Below are some records. Return exactly their lines from the one containing "Prodej bytu 3+1, Ostrava" through the one containing "Sau nhiều giờ", and drop the pictures.

* DATA SHOWN *
++++++++

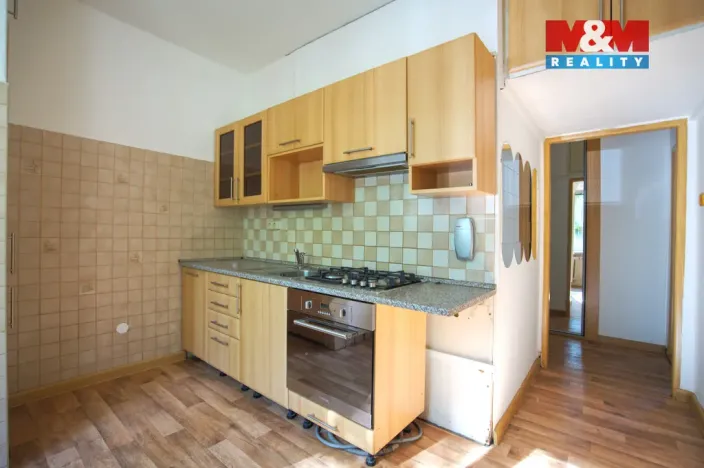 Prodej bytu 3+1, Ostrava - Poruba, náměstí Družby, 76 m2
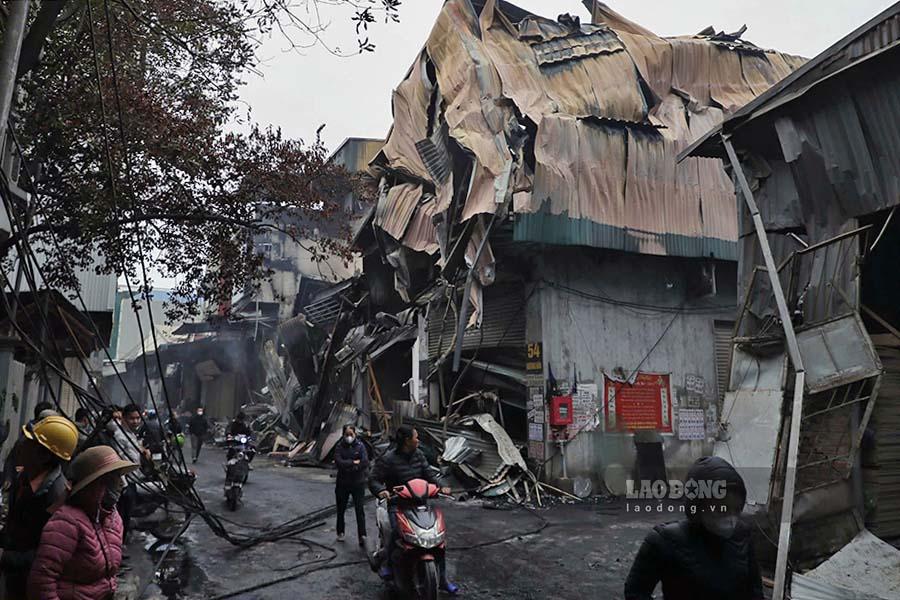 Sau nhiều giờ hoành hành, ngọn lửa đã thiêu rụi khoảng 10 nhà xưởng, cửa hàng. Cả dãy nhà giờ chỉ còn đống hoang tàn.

++++++++

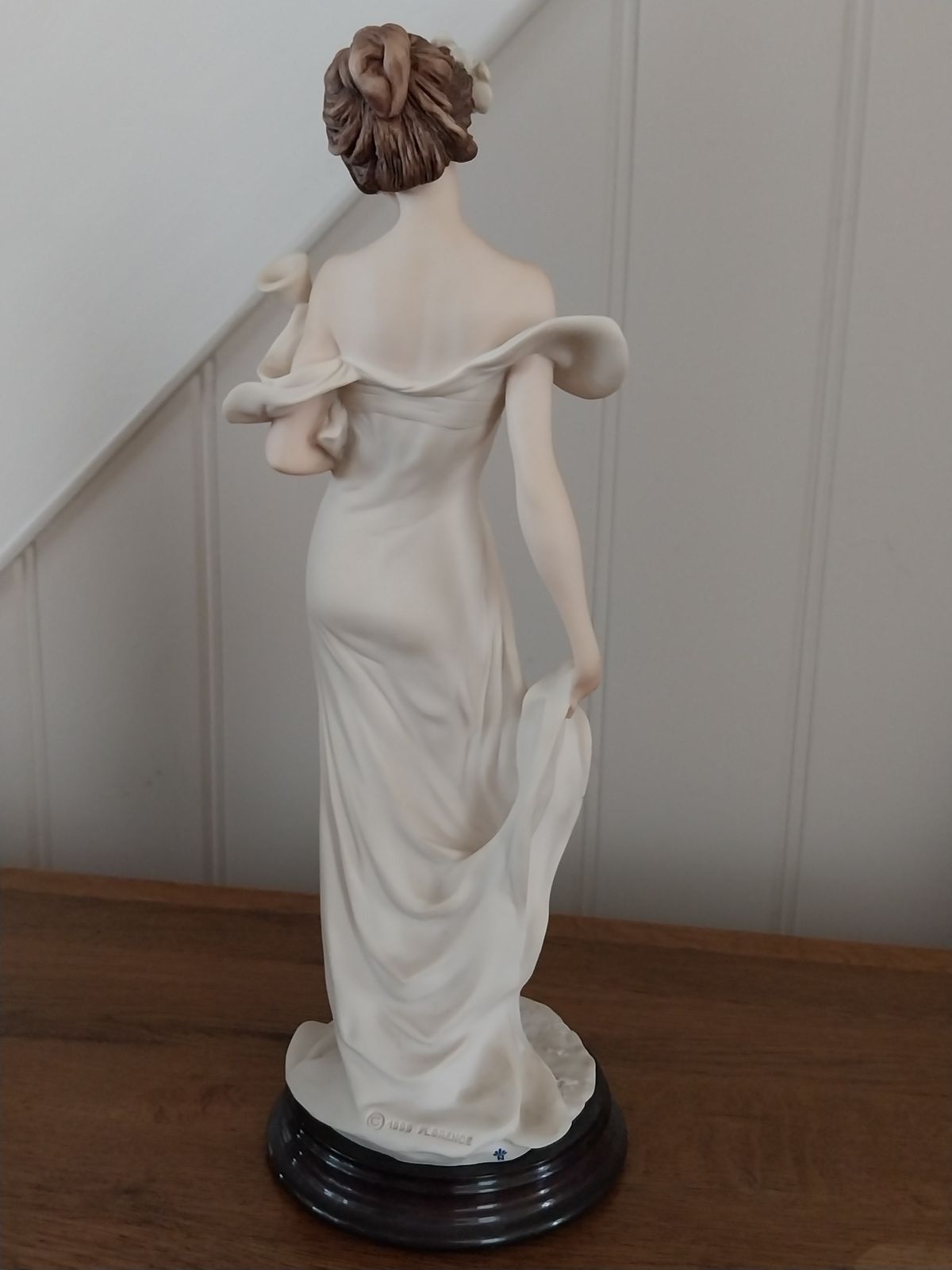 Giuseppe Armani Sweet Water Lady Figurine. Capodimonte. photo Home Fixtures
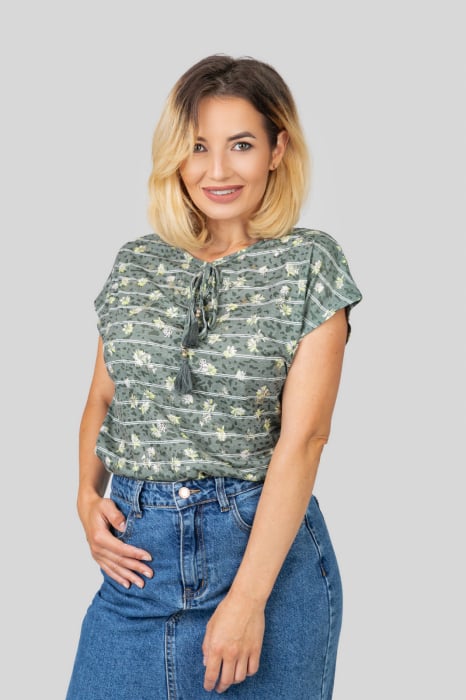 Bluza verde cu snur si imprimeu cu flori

++++++++

* SOLUTION *
 Prodej bytu 3+1, Ostrava - Poruba, náměstí Družby, 76 m2
 Sau nhiều giờ hoành hành, ngọn lửa đã thiêu rụi khoảng 10 nhà xưởng, cửa hàng. Cả dãy nhà giờ chỉ còn đống hoang tàn.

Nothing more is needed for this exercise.